(MoneyWatch) As with all holiday activities, Black Friday has its time-honored traditions: Freezing consumers standing in line for hours to get a bargain, shopper fisticuffs, stampeded store employees. And, as business experts have long known, retailers making up sales figures.
Sometime during the Black Friday weekend -- which was once exclusively known as Thanksgiving -- media reports are likely to describe sales figures for the period as either strong or even a "record." Here's how the Associated Press described it last year:
A record 226 million shoppers visited stores and websites during the four-day holiday weekend starting on Thursday, the Thanksgiving Day holiday, up from 212 million last year, according to early estimates by the National Retail Federation released on Sunday.

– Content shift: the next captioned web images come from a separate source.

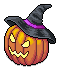 Halloween Pumpkin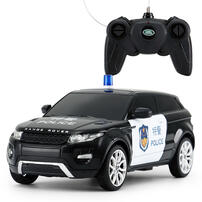 Rastar R/C 1:24 Range Rover Evoque Chinese - Assorted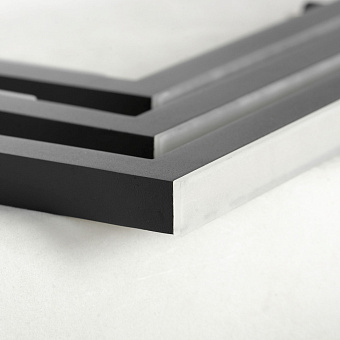 Люстра подвесная Lussole ANTIOCH LSP-7009 28Вт 7 лампочек LED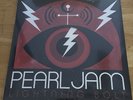 PEARL JAM LIGHTNING BOLT VINYL 2LP W/ INSERT IMPORT NEW SEALED MINT
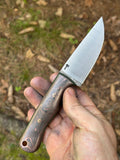 Orion 3/32 Magnamax 65 HRC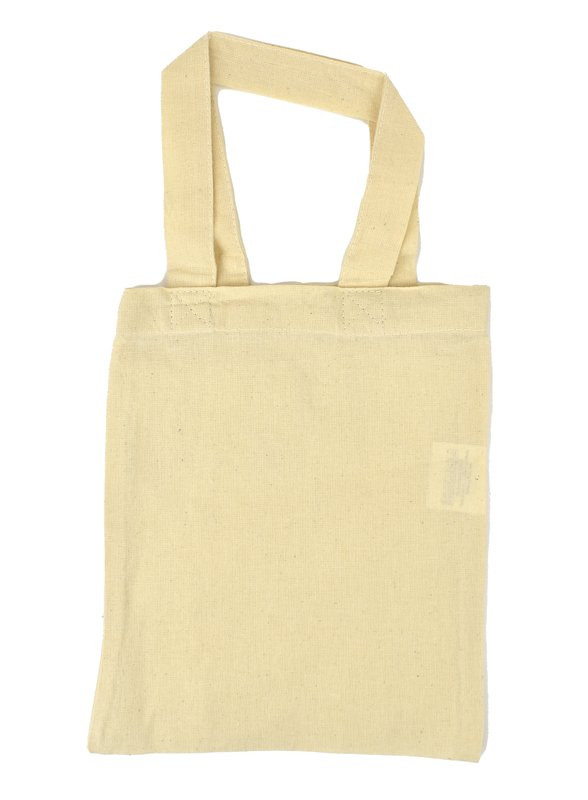 Bavlněná taška Rayher, 21 x 25 cm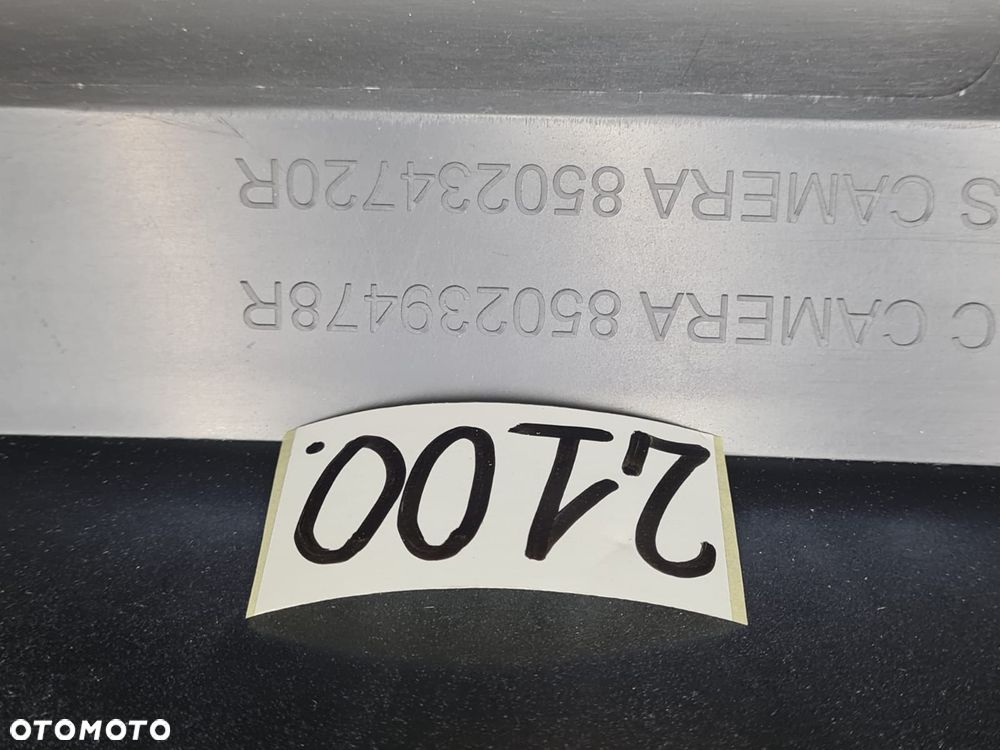 Renault megane 5 V E-tech od 21r 850239478R zderzak tył tylny - 7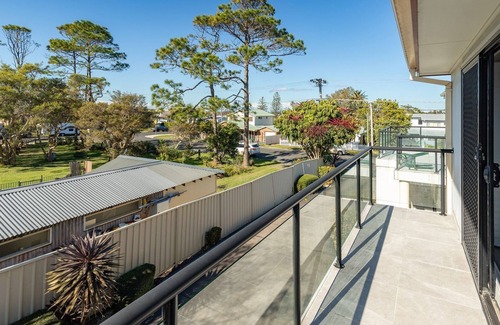 Old Bar Villa | Villa 2 of 1 Connell St Old Bar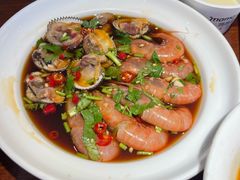 -妈妈菜舟山海鲜(沈家门店)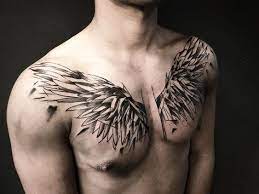 Wing Tattoo On Chest For Men Chest M Chest Men Tattoo Wing Wing Tattoo On Chest For Men Chest M Wing Tattoo Men Tattoo On Chest Wing Tattoo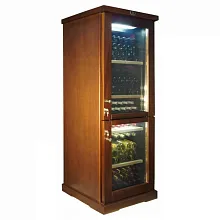 Винный шкаф IP Industrie CEX 601 NU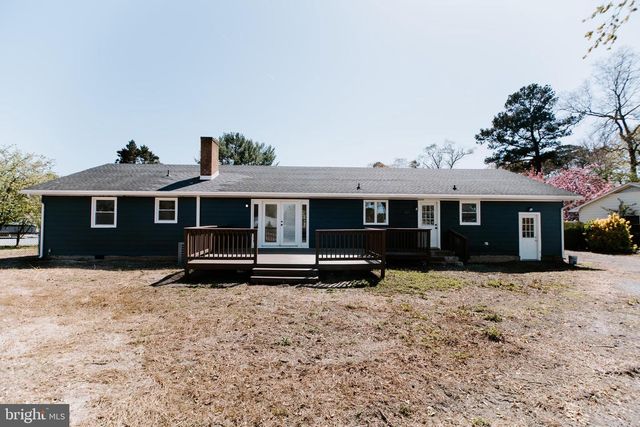 8695 MAR LYNN DRIVE, Delmar, MD 21875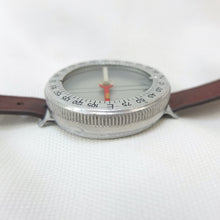 Vintage Silva Armbandkompass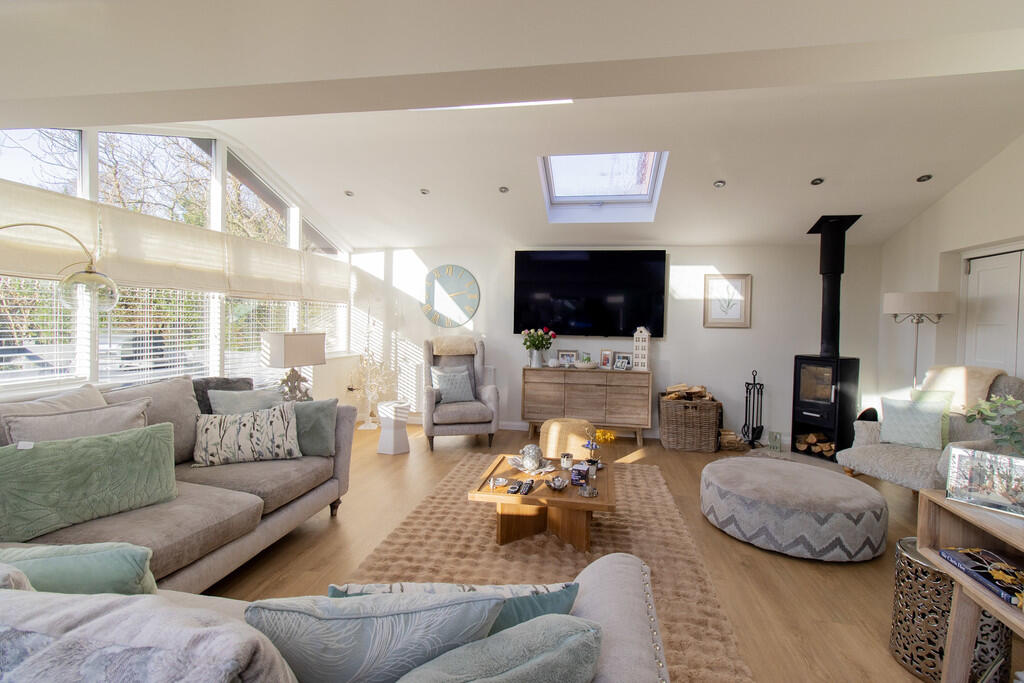 Additional property image - Strawberry Terrace, Carlisle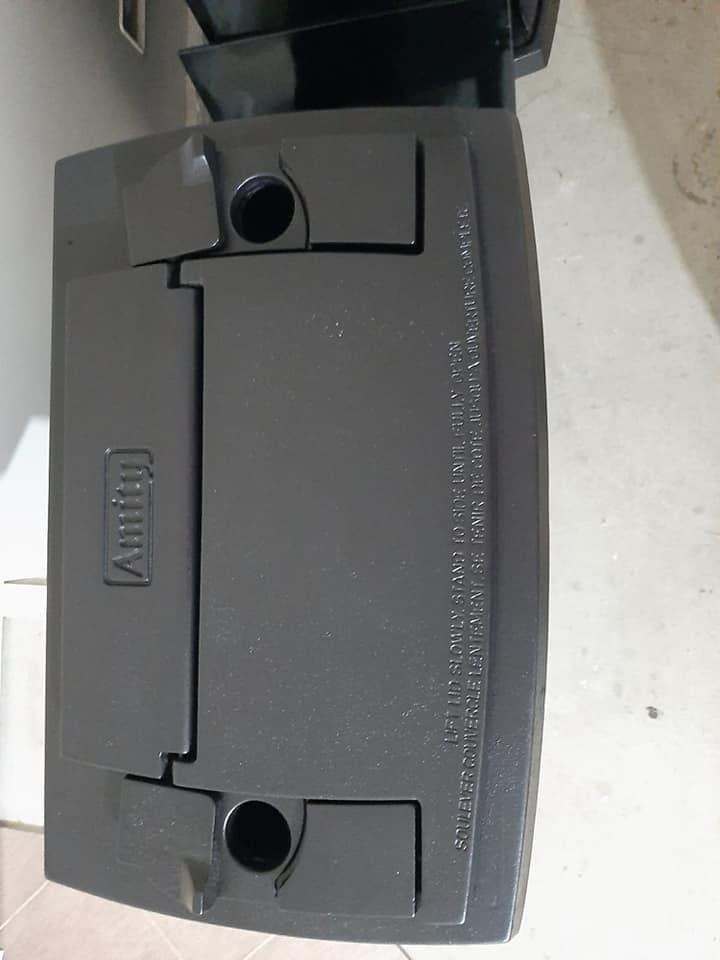 Amity-pec-kamin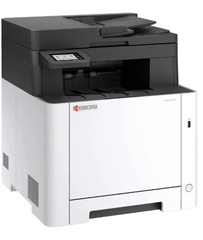 МФУ лазерное цветное Kyocera Ecosys MA2101cwfx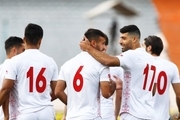 تمجید AFC از گلزنان ایرانی در بازی مقابل کامبوج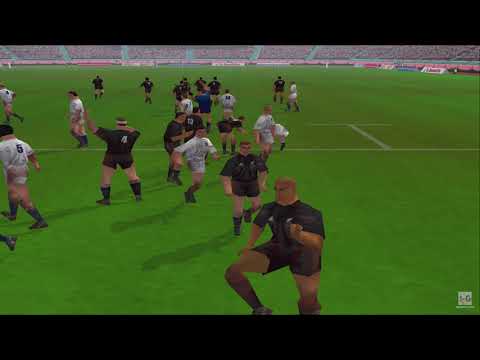 Image du jeu Rugby sur PlayStation 2 PAL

Americans spent more, too: The average holiday shopper spent $398.62 over the weekend, up from $365.34 a year ago.
That's not to knock the AP, a reputable wire service. Other media outlets also echoed the NRF, the industry's leading trade group, which claimed that "total spending over the four-day weekend following Thanksgiving reached a record $52.4 billion, up 16 percent from $45 billion last year."

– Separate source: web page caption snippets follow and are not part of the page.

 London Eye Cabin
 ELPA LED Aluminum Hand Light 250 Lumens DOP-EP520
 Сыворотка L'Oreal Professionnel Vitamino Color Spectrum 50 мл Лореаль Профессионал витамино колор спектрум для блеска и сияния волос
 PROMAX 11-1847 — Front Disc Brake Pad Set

The problem: The NRF's statistics are notoriously unreliable, usually in service of painting a bullish, or at least, improving picture of retail sales. As financial pundit Barry Ritholtz wrote last year:
No, retail sales did not climb 16 percent. Surveys where people forecast their own future spending are, as we have seen repeatedly in the past, pretty much worthless. We actually have no idea just yet as to whether, and exactly how much, sales climbed. The data simply is not in yet. The most you can accurately say is according to some foot traffic measurements, more people appeared to be in stores on Black Friday 2011 than in 2010.

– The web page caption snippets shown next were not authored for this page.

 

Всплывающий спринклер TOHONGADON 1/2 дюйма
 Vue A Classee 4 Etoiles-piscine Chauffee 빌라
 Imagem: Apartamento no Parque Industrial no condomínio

After Black Friday last year, the trade group issued a news release with the headline: "Buoyed By Strong Black Friday Weekend, November Retail Sales Rise 4.5 Percent, According To NRF." The U.S. Commerce Department released its own figures shortly thereafter reporting that retail sales had increased only 0.2 percent for the month.
Critics contend that the NRF and other business groups commonly overestimate sales and other indicators of commercial activity to spur consumer spending. If you believe others are spending heavily, the argument goes, then you will set aside your own beliefs about the condition of the economy and do the same.
Another reason to take Black Friday sales data with a grain of salt: It doesn't tell you much about the state of the economy, according to experts. As U.K. research firm Capitol Economics said in a recent report, "We would warn against reading too much into the performance of retail sales on Black Friday, as there is little evidence that it will set the tone for sales during the whole holiday season."